===== SUPPLIED MATERIAL
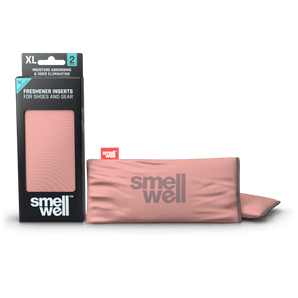 A package of SmellWell Active XL - Blush Pink and 2 SmellWell Active XL - Blush Pink freshener inserts bags next to it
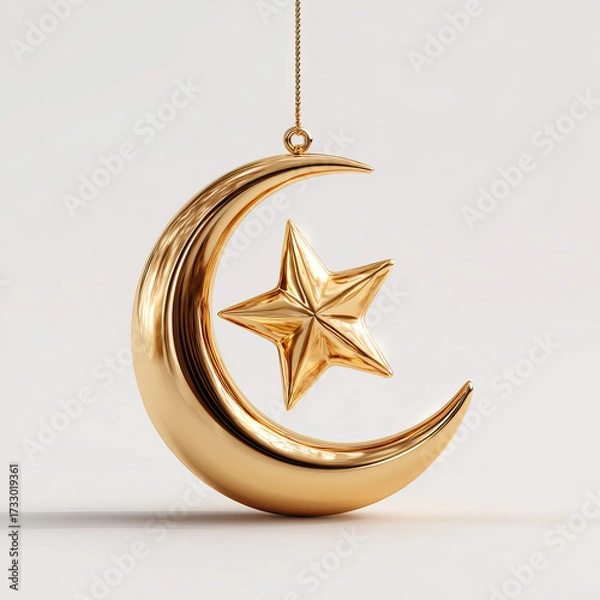 Fototapeta Shiny Golden Moon and Star Ornament Realistic 3D Luxury Design on Transparent Background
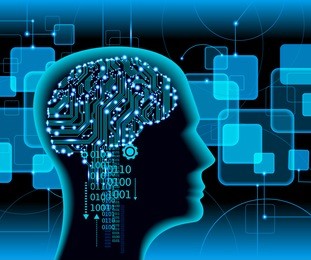 neural network. deep learning. artificial intelligence concept. robot face and building abstract background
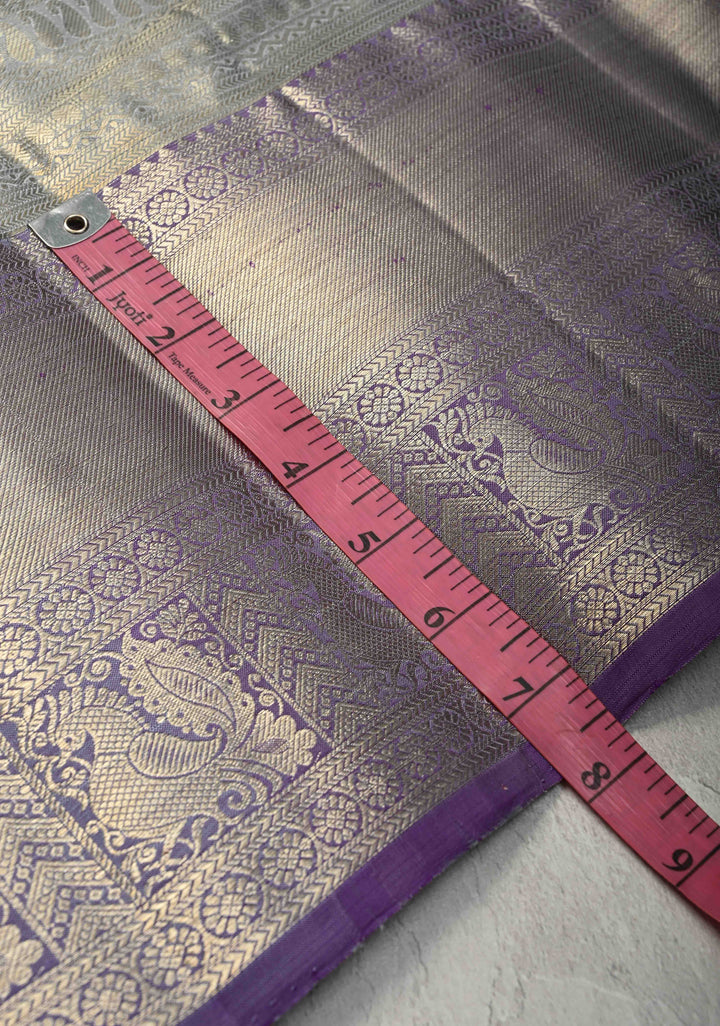 Powder Blue-Gold Tissue Kanjivaram Pure Silk Saree with Brocade and Zari Border | SILK MARK CERTIFIED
==========
▶ EXERCISE DIRECTIONS
The expected output is the whole listing, word for word, minus its pictures.

▶ FINISHED EXERCISE
 A package of SmellWell Active XL - Blush Pink and 2 SmellWell Active XL - Blush Pink freshener inserts bags next to it
 Fototapeta Shiny Golden Moon and Star Ornament Realistic 3D Luxury Design on Transparent Background
 neural network. deep learning. artificial intelligence concept. robot face and building abstract background
 Powder Blue-Gold Tissue Kanjivaram Pure Silk Saree with Brocade and Zari Border | SILK MARK CERTIFIED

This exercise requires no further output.